「フレンチ・ディスパッチ ザ・リバティ、カンザス・イヴニング・サン別冊」

「フレンチ・ディスパッチ ザ・リバティ、カンザス・イヴニング・サン別冊」©︎2021 20th Century Studios. All rights reserved.

2022.1.27

「フレンチ・ディスパッチ ザ・リバティ、カンザス・イヴニング・サン別冊」

毎週公開される新作映画、どれを見るべきか? 見ざるべきか? 毎日新聞に執筆する記者、ライターが一刀両断。
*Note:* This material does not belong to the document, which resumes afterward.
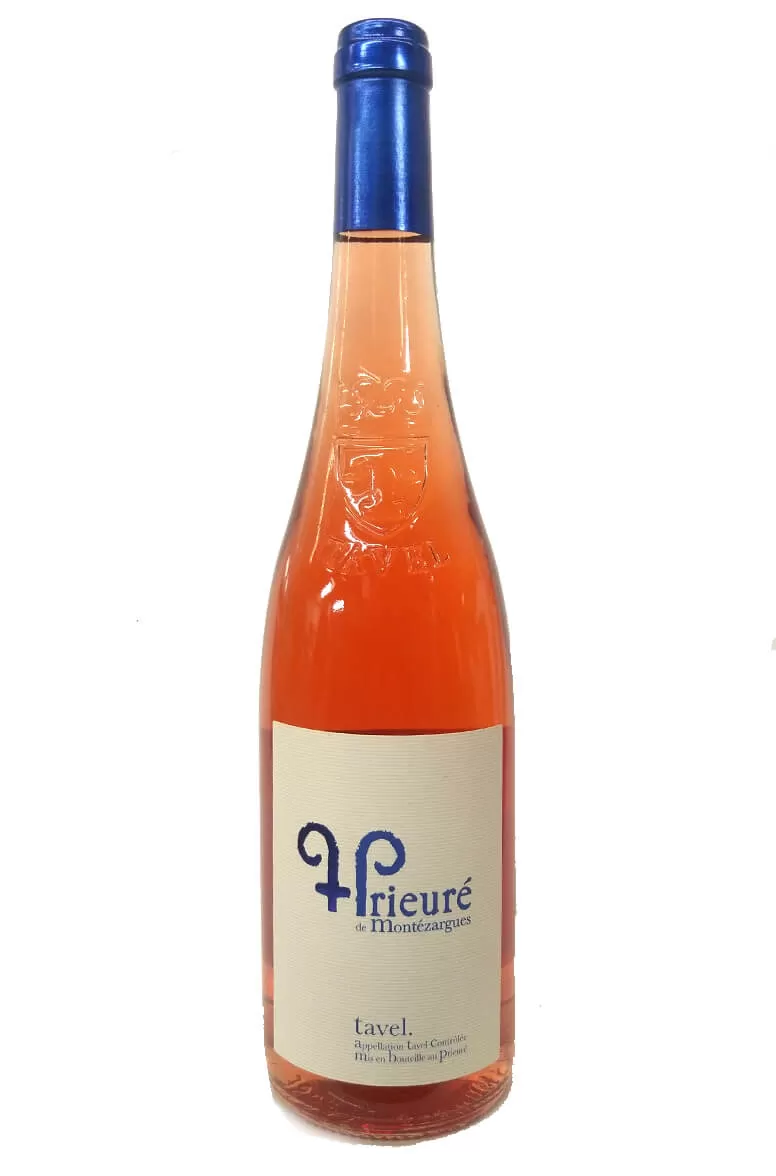 Prieuré de Montézargues Tavel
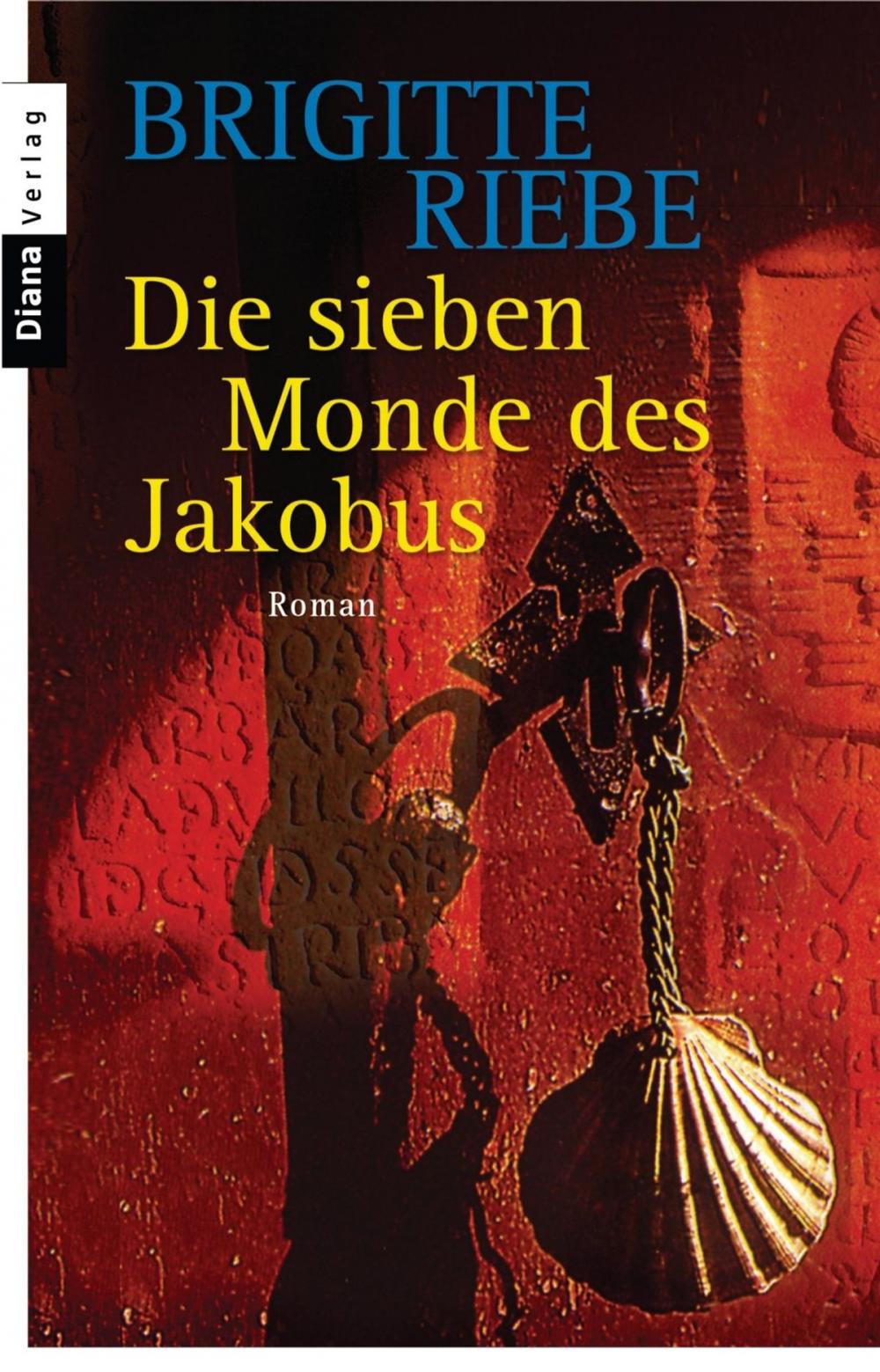 Big bigCover of Die sieben Monde des Jakobus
褒めてばかりではありません。時には愛あるダメ出しも。複数の筆者が、それぞれの視点から鋭く評します。筆者は、勝田友巳(勝)、高橋諭治(諭)、細谷美香(細)、鈴木隆(鈴)、山口久美子(久)、倉田陶子(倉)、渡辺浩(渡)、木村光則(光)、屋代尚則(屋)、坂本高志(坂)。

舞台はフランスの架空の街にある、雑誌「フレンチ・ディスパッチ」の編集部。編集長(ビル・マーレイ)が急死し、彼の遺言によって雑誌の廃刊が決まる。社会問題からアートにグルメまで、さまざまな話題を独自の視点で取り上げてきた人気雑誌に掲載された四つの記事を振り返る、オムニバス形式の物語。

ベニチオ・デル・トロ、ティモシー・シャラメ、レア・セドゥなど、数えきれない豪華キャストだけでも画面がぜいたくなのだが、次々と移り変わる一つ一つのシーンはモノクロやアニメなど手法を切り替え、背景の細部まで整えられ、完璧なまでに美しい。まさに、丁寧に編集された1冊の雑誌だ。四つの物語もそれぞれ個性的でセンスが良さそうなのだが、私は写真やレイアウトに見とれるあまり本文を読むのがおろそかになってしまったらしい。これが本当に雑誌だったら、部屋に飾って何度も手に取り、ゆっくりぺージをめくれるのに。ウェス・アンダーソン監督。1時間48分。東京・TOHOシネマズシャンテ、大阪ステーションシティシネマほか。(久)

異論あり

 何とぜいたくで、やりたい放題の映画だろう。風変わりな登場人物、手作りのぬくもりあるパステル調のセット、縦横無尽のカメラワーク……。奇想に満ちた映像世界の視覚的な愉悦は、比類なきレベル。だが、ごちそうも過ぎれば胃もたれするように、脳内の処理にてんてこ舞い。(諭)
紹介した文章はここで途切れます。